The sentiment is undoubtedly honourable. It is a defiant and bold step away from traditional (and sexist) assumptions that mothers should stay at home with their children, and will help prevent the (equally sexist) legislative marginalisation of fathers raising children.
Both of which are of course to be saluted. The trouble is, as with so much of HR legislation, small businesses have to bear the administrative and practical brunt of enforcing wider societal changes. Just as it was with the Equality Act, it is the cornershop owners and startup consultancies and ailing four-person businesses who will be shafted by extra paperwork and bureaucratic complexities.
"The plans show a complete lack of understanding of how small businesses work," said David Frost, director general of the British Chambers of Commerce. "If men and women have flexible leave, how can you plan cover?" (It is reasonable to expect a torrent of business lobby group statements raging along these lines over the next few days.)
But perhaps the inevitable business group outcries and the furious newspaper headlines hyping up men going AWOL from the office for almost a year are missing a potential silver lining here - one that could well brighten the looming HR cloud for many of you.

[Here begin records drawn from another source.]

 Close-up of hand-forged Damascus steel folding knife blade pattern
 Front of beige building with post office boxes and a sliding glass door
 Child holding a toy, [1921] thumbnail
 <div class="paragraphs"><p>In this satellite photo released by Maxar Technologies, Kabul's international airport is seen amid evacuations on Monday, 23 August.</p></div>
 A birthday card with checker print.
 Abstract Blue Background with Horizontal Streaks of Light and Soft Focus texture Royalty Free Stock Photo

Denise Hooper is a director of Wright & Crawford Solicitors in Glasgow, a team of 15. While she criticises the decision of the Coalition to being in such drastic changes at a time when businesses are struggling, she thinks the proposal could actually benefit any businesses who employ mothers. "We're mainly women here, and we have staff members take up to a year off. Potentially, if a couple of women take maternity leave at the same time, it can be tricky. There's nothing you can do about it."

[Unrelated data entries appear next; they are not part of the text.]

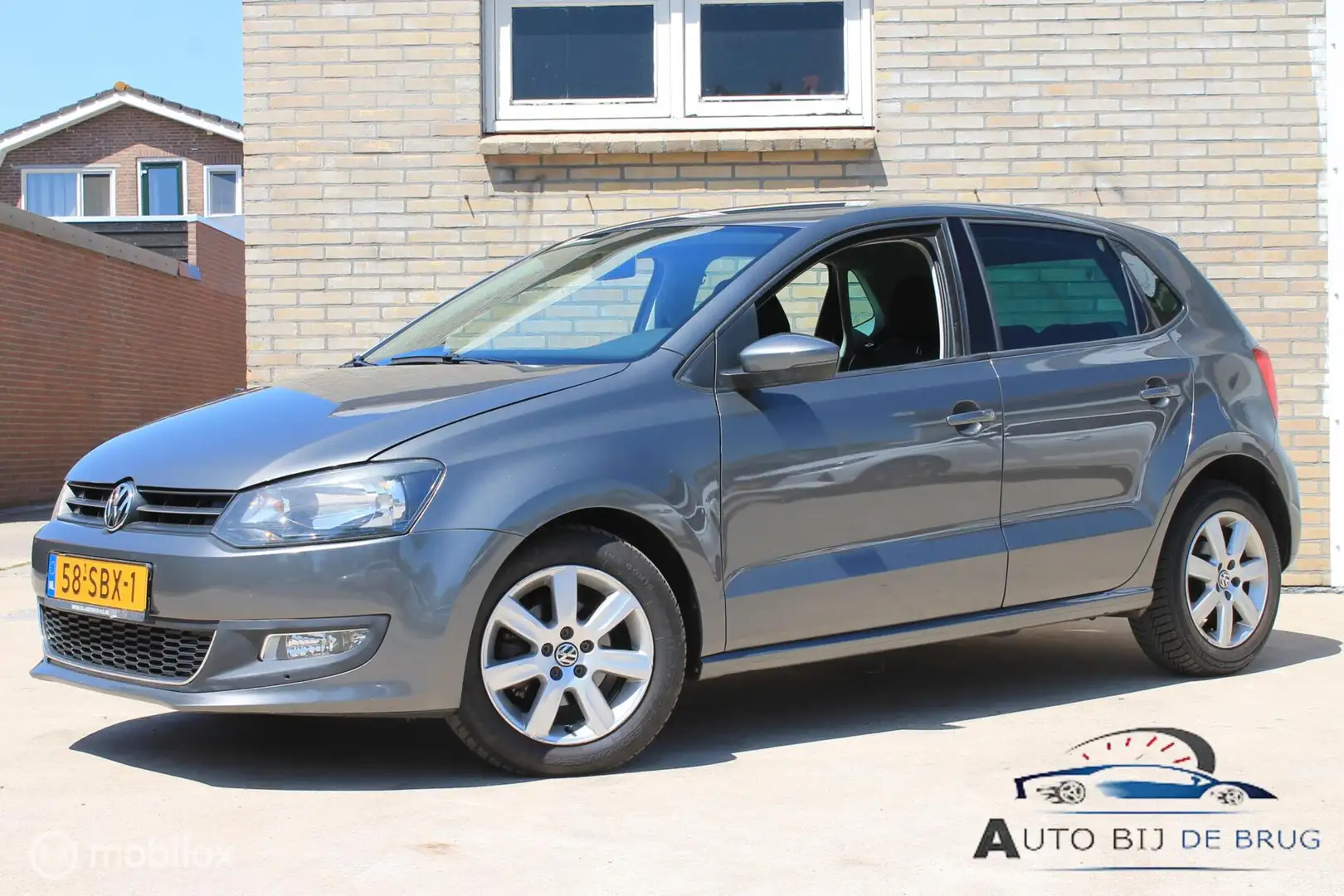 Volkswagen Polo 1.2 TSI Highline Grijs - 1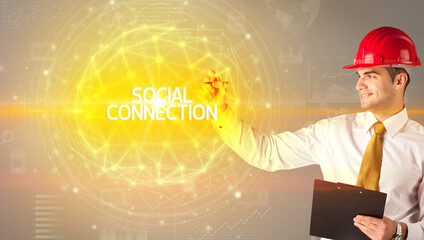 Handsome businessman with helmet drawing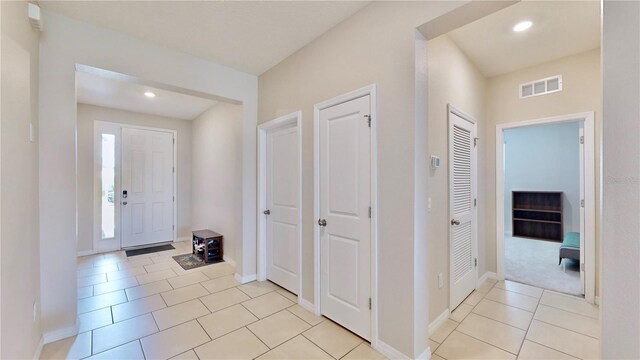 foyer entrance with light tile floors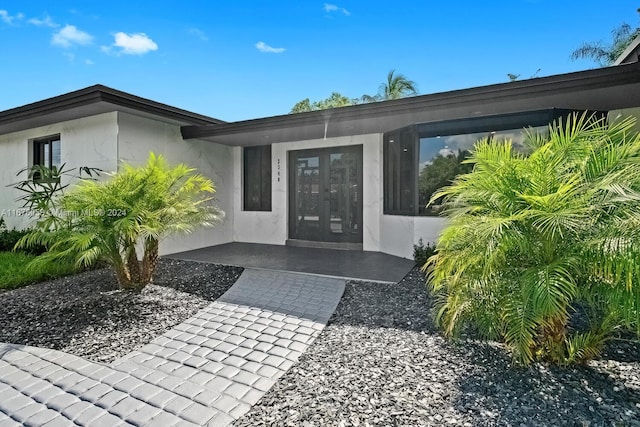 property entrance featuring french doors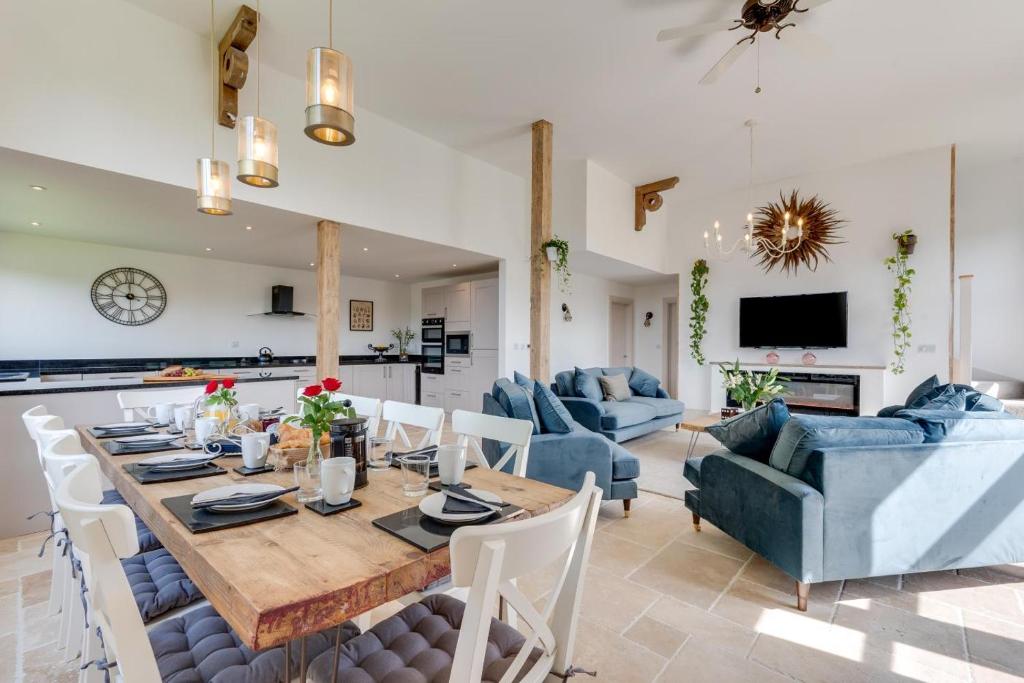 a dining room and living room with a table and chairs at 5 Bed in Briston oc-2305 in Briston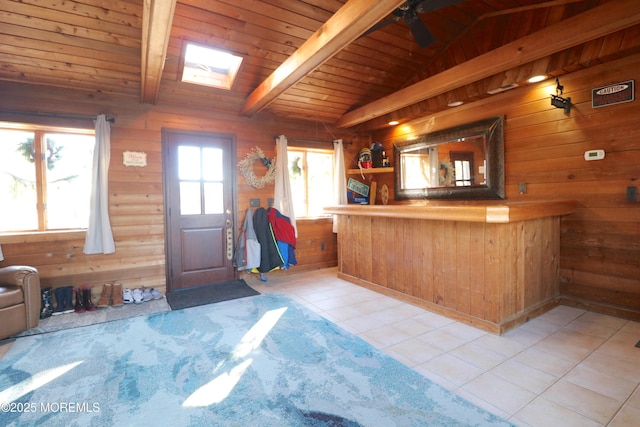 tiled foyer entrance featuring wood walls, a dry bar, vaulted ceiling with beams, and wooden ceiling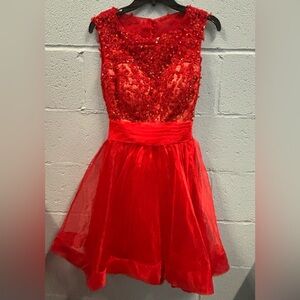 Red beaded top cocktail dress.no tags never worn.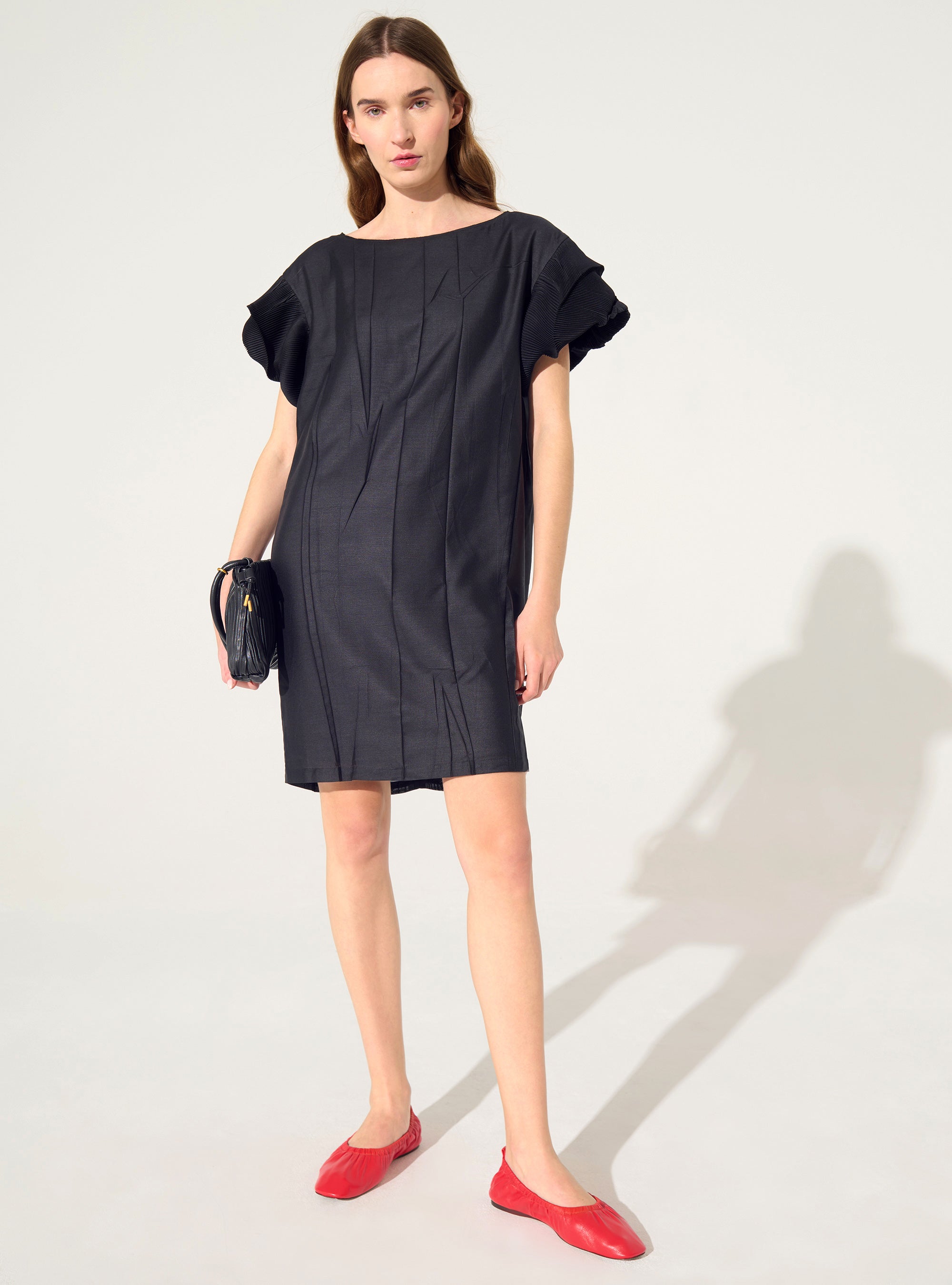 Straight black pleated dress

Hooper thinks that if men and women alternated in leave, women employees would be free to return to work sooner, easing the burden on employers usually faced with missing female staff for up to a year. "Although it depends on the composition of the business - if you have an office full of men could be more problematic!"
As a mother herself, she also feels 'it would be really good for the dad to be at home and get a shot at the whole thing. It would have been helpful if my husband could have been at home more, and it would have been beneficial to me'.

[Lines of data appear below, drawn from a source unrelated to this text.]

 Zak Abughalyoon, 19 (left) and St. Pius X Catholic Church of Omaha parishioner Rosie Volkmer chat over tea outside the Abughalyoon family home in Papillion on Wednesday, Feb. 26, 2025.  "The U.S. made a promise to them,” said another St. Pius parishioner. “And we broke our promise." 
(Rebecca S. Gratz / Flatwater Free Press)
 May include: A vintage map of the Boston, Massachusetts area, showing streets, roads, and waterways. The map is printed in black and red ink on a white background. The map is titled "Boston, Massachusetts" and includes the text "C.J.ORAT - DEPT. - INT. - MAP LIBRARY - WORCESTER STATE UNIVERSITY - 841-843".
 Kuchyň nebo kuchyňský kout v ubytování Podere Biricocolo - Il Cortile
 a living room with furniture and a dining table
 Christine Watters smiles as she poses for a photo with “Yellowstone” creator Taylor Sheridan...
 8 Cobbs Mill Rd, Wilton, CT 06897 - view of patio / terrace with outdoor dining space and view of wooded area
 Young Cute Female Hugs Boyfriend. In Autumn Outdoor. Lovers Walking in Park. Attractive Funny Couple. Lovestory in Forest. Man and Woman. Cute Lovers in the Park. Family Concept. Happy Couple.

Therein lies another advantage: for mothers who are running their own business. If the father of their child is legally freed up to take time off work to manage child care, the mum can get back to running her business much sooner.
The trick is, then, to manage the administrative side of things in an organised fashion. Chris Parke, managing director and co-founder of executive coaching company Talking Talent, says: "Business leaders have two considerations to make when it comes to the parental leave legislation. Firstly, they need to look at how they plan to extend their statutory pay around paternity. And, secondly, they may need to consider how they would change their corporate culture so that men are encouraged to take additional paternity leave without it being viewed in a negative way or damaging to their careers."
Parke points to countries like Norway and Sweden, where 'it is the norm in society for either parent to take on the main childcare role'. He adds: "There is increasing pressure these days for men to work all hours, but a balance needs to be struck."
Interestingly, Hooper says the administration side of things 'hasn't caused us a lot of grief - we generally know how long the person is having off with good notice'. She adds: "There's nothing you can do about it - you just have to work with it."
Which is just as well really, seeing as research from Talking Talent in November 2010 found 46% of fathers would take advantage of the new shared parental leave compared with 33% who wouldn't.
How do you think changes to paternity leave will affect you? Are the newspapers and lobby groups putting a negative spin on something which could work to small businesses' favour, or could these changes really hurt businesses?